Agarro sus brazos, entierro el cerebro en el perfume de sus muñecas. Pulseras de aroma.

Que un cuerpo tan pequeño haya podido salvarme…

Al otro lado de la ciudad, al otro lado de cien jardines lechosos, duerme Michaela.

Apenas si he apoyado la cabeza cuando oigo a Yosha y a Thomas caminar pesadamente por el pasillo, y sus susurros teatrales al otro lado de la puerta. Estoy impregnado del olor de Michaela, lo tengo en el pelo. Noto la tela áspera del sofá contra la cara. Me siento pesado por la falta de sueño, por Michaela, por las voces de los chicos. Sombras de luz temprana crean franjas en las gruesas cortinas.

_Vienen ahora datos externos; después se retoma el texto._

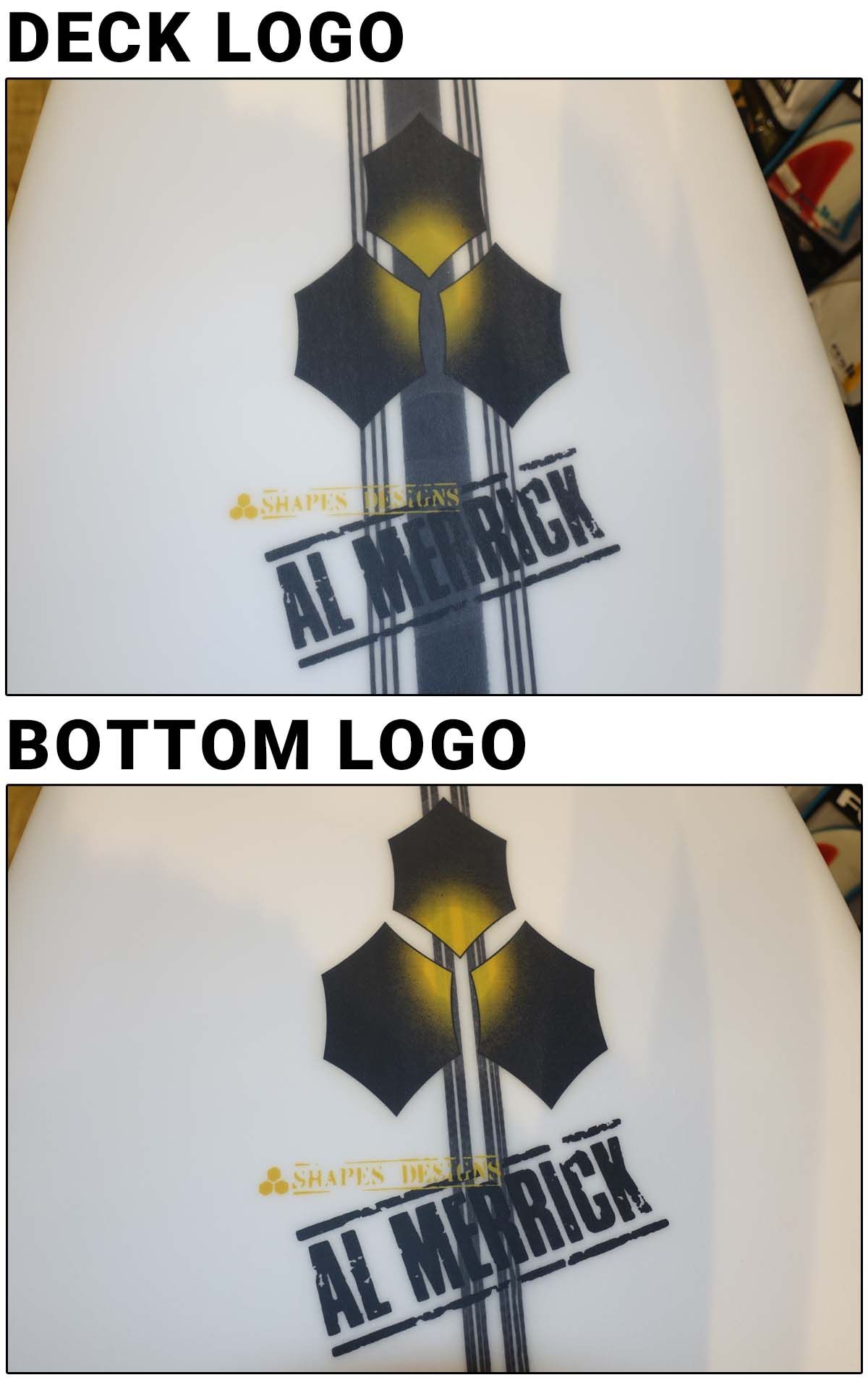 楽天市場】チャンネルアイランド Channel Islands HAPPY EVERYDAY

Qué es lo que le has hecho al tiempo

Escucho los sonidos de la preparación del desayuno, sonidos que duelen. Escucho a Yosha, cada nota aprendiéndose el aire. Labios de gravedad me empujan hacia la tierra. Lluvia helada se adhiere a la nieve recién caída, plata y blanco. En el sofá de Maurice, los juncos se enredan a lo largo de la orilla del río, la lluvia de primavera cae con fuerza en artesas de hojalata, la habitación está sumergida en el clima. Cada sonido es tacto. La lluvia sobre los hombros desnudos de Michaela. Tanto verde, que vamos a pensar que tenemos algún problema en los ojos. Ninguna señal se da por sentada. Otra vez, otra vez por vez primera.

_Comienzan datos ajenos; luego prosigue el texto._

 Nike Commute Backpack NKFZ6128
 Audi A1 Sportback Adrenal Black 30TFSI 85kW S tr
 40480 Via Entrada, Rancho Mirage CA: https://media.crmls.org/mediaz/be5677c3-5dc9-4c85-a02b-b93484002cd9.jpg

En la fiesta de Maurice donde conocí a Michaela había un pintor, un polaco de Danzig que nació diez años antes de la guerra. Hablamos durante mucho rato.

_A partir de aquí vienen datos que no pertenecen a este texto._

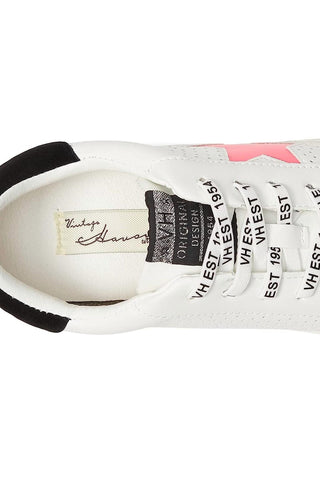 Vintage Havana - Women's Gadol Sneaker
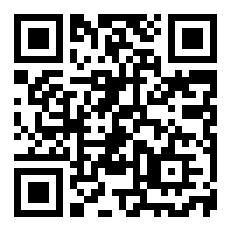 寒的组词方法（寒字怎样组词）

—Llevo toda la vida —me dijo— preguntándome una cosa: ¿cómo puedes odiar todo aquello de lo que surges pero no odiarte a ti mismo?

Me contó que el año anterior había comprado tubos de pintura amarilla, todos los tonos del amarillo más intenso, pero no había sido capaz de utilizarlos. Seguía pintando en los mismos tonos oscuros, ocres y marrones.

La serenidad de un dormitorio en invierno; la calle silente, salvo por los arañazos de una pala en la acera, un sonido que parece congregar el silencio en su torno. La primera mañana que desperté con Michaela —con la cabeza en la curva de su espalda, sus talones como dos islas bajo la manta— supe que ésta era mi primera experiencia del color amarillo.